It's obvious what Vanguard's advice would be--it's reasonable advice IMHO:

Create your own ETF portfolio

So their suggestion is to use the four ETFs that have "Total" in their name:

VTI, Vanguard Total Stock Market Index Fund
VXUS, Vanguard Total International Stock Index Fund
BND, Vanguard Total [US] Bond Market Index Fund
BNDX, Vanguard Total International Bond Index Fund

Scroll down to where it says

"Want help figuring out how much to invest in these 4 ETFs?"

and check out the two links underneath, especially the second:

Explore our portfolio allocation models
What do do after you have your asset allocation

That second link pops up a panel suggesting explicitly that you can use VTI + VXUS + BND + BNDX as your ETF choices.

Given a wish for 85/15 overall, then, your portfolio would be

60%-of-85% = 60% x 85% = 51% VTI
40%-of-85% = 40% x 85% = 34% VXUS
70%-of-15% = 70% x 15% = 10.5% BND
30%-of-15% = 30% x 15% = 4.5% BNDX

This Fidelity web page states "$0 per trade for all ETFs" so that should be it.

With regard to non-Vanguard products, there are many good substitutes for BND--such as the AGG ETF--but I don't think you need them I think BND and BNDX are no-fee at Fidelity.

BNDX is interesting because a) it's a fairly unique product, I can't think of any substitute, b) IMHO it is unnecessary, particularly at something as small as 4.5% of portfolio.

I'm going to illustrate this with a PortfolioVisualizer backtest.

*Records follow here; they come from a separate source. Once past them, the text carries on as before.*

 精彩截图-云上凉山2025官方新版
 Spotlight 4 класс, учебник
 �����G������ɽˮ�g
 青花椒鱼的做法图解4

Backtests are dangerous for many reasons because past performance is no guarantee of future results. But even if we don't want to take it as showing better or worse, it is still useful in showing how much difference it would have made.

So I'm going to compare 51% VTI, 34% VXUS, 10.5% BND, 4.5% BNDX to 51% VTI, 34% VXUS, 15% BND, no BNDX

Source

Image

Do you see my point? Yes, there are two different lines on the chart.

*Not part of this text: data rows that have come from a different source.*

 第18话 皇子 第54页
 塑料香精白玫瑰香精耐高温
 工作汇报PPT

Following Vanguard's advice is a reasonable thing to do, and their advice certainly is to include BNDX, and there's no particular reason not to. But there's also no particular reason to do so, either.

So I think you can get BNDX with no fee, but if you can't my advice would be just to leave it out, don't worry about finding a substitute.
Annual income twenty pounds, annual expenditure nineteen nineteen and six, result happiness; Annual income twenty pounds, annual expenditure twenty pounds ought and six, result misery.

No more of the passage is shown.